● **Try it**
Could you return all of the records exactly as they stand?

[Records excerpted from a collection]
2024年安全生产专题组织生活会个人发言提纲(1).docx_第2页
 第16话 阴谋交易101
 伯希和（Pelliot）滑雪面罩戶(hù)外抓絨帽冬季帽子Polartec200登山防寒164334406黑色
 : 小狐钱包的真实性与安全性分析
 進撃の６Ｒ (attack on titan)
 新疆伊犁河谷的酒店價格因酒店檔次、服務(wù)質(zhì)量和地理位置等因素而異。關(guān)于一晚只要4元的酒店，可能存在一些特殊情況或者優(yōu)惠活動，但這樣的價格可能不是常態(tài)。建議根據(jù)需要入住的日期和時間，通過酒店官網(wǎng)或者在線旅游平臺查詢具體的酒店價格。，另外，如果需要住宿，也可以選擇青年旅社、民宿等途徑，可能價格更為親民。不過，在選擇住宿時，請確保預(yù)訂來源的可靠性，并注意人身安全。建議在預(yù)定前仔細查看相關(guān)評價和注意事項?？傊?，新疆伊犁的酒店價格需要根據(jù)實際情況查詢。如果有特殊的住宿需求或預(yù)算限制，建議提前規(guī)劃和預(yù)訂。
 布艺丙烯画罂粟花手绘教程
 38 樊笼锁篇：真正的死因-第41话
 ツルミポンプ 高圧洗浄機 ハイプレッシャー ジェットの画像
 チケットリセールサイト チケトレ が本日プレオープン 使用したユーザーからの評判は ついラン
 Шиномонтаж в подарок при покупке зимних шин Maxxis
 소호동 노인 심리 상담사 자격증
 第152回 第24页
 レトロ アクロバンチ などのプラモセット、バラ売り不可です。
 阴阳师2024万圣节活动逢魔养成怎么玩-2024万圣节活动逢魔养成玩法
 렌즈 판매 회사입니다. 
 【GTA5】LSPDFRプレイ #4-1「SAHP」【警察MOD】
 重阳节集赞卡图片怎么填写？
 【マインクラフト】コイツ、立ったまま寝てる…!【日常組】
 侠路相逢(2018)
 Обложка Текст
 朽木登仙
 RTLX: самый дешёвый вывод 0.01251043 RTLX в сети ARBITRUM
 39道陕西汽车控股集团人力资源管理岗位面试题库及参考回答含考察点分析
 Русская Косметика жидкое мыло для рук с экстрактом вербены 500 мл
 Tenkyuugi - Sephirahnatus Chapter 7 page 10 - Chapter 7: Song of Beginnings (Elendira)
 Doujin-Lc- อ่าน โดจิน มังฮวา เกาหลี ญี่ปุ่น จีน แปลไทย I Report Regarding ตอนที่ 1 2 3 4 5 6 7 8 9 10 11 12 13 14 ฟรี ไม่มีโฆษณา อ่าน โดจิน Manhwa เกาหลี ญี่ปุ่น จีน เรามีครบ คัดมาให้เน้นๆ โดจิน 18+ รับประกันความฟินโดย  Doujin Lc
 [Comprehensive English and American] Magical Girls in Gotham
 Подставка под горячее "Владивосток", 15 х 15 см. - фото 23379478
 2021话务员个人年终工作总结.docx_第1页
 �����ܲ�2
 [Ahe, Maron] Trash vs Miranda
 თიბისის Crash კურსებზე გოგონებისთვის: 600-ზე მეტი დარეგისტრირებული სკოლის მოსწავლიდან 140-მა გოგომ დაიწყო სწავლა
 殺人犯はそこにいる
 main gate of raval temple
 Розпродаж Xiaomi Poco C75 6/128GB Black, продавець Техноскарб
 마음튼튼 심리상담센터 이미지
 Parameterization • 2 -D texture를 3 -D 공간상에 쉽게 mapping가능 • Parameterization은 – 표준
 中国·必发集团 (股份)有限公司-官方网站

● **Written response**
2024年安全生产专题组织生活会个人发言提纲(1).docx_第2页
 第16话 阴谋交易101
 伯希和（Pelliot）滑雪面罩戶(hù)外抓絨帽冬季帽子Polartec200登山防寒164334406黑色
 : 小狐钱包的真实性与安全性分析
 進撃の６Ｒ (attack on titan)
 新疆伊犁河谷的酒店價格因酒店檔次、服務(wù)質(zhì)量和地理位置等因素而異。關(guān)于一晚只要4元的酒店，可能存在一些特殊情況或者優(yōu)惠活動，但這樣的價格可能不是常態(tài)。建議根據(jù)需要入住的日期和時間，通過酒店官網(wǎng)或者在線旅游平臺查詢具體的酒店價格。，另外，如果需要住宿，也可以選擇青年旅社、民宿等途徑，可能價格更為親民。不過，在選擇住宿時，請確保預(yù)訂來源的可靠性，并注意人身安全。建議在預(yù)定前仔細查看相關(guān)評價和注意事項?？傊?，新疆伊犁的酒店價格需要根據(jù)實際情況查詢。如果有特殊的住宿需求或預(yù)算限制，建議提前規(guī)劃和預(yù)訂。
 布艺丙烯画罂粟花手绘教程
 38 樊笼锁篇：真正的死因-第41话
 ツルミポンプ 高圧洗浄機 ハイプレッシャー ジェットの画像
 チケットリセールサイト チケトレ が本日プレオープン 使用したユーザーからの評判は ついラン
 Шиномонтаж в подарок при покупке зимних шин Maxxis
 소호동 노인 심리 상담사 자격증
 第152回 第24页
 レトロ アクロバンチ などのプラモセット、バラ売り不可です。
 阴阳师2024万圣节活动逢魔养成怎么玩-2024万圣节活动逢魔养成玩法
 렌즈 판매 회사입니다. 
 【GTA5】LSPDFRプレイ #4-1「SAHP」【警察MOD】
 重阳节集赞卡图片怎么填写？
 【マインクラフト】コイツ、立ったまま寝てる…!【日常組】
 侠路相逢(2018)
 Обложка Текст
 朽木登仙
 RTLX: самый дешёвый вывод 0.01251043 RTLX в сети ARBITRUM
 39道陕西汽车控股集团人力资源管理岗位面试题库及参考回答含考察点分析
 Русская Косметика жидкое мыло для рук с экстрактом вербены 500 мл
 Tenkyuugi - Sephirahnatus Chapter 7 page 10 - Chapter 7: Song of Beginnings (Elendira)
 Doujin-Lc- อ่าน โดจิน มังฮวา เกาหลี ญี่ปุ่น จีน แปลไทย I Report Regarding ตอนที่ 1 2 3 4 5 6 7 8 9 10 11 12 13 14 ฟรี ไม่มีโฆษณา อ่าน โดจิน Manhwa เกาหลี ญี่ปุ่น จีน เรามีครบ คัดมาให้เน้นๆ โดจิน 18+ รับประกันความฟินโดย  Doujin Lc
 [Comprehensive English and American] Magical Girls in Gotham
 Подставка под горячее "Владивосток", 15 х 15 см. - фото 23379478
 2021话务员个人年终工作总结.docx_第1页
 �����ܲ�2
 [Ahe, Maron] Trash vs Miranda
 თიბისის Crash კურსებზე გოგონებისთვის: 600-ზე მეტი დარეგისტრირებული სკოლის მოსწავლიდან 140-მა გოგომ დაიწყო სწავლა
 殺人犯はそこにいる
 main gate of raval temple
 Розпродаж Xiaomi Poco C75 6/128GB Black, продавець Техноскарб
 마음튼튼 심리상담센터 이미지
 Parameterization • 2 -D texture를 3 -D 공간상에 쉽게 mapping가능 • Parameterization은 – 표준
 中国·必发集团 (股份)有限公司-官方网站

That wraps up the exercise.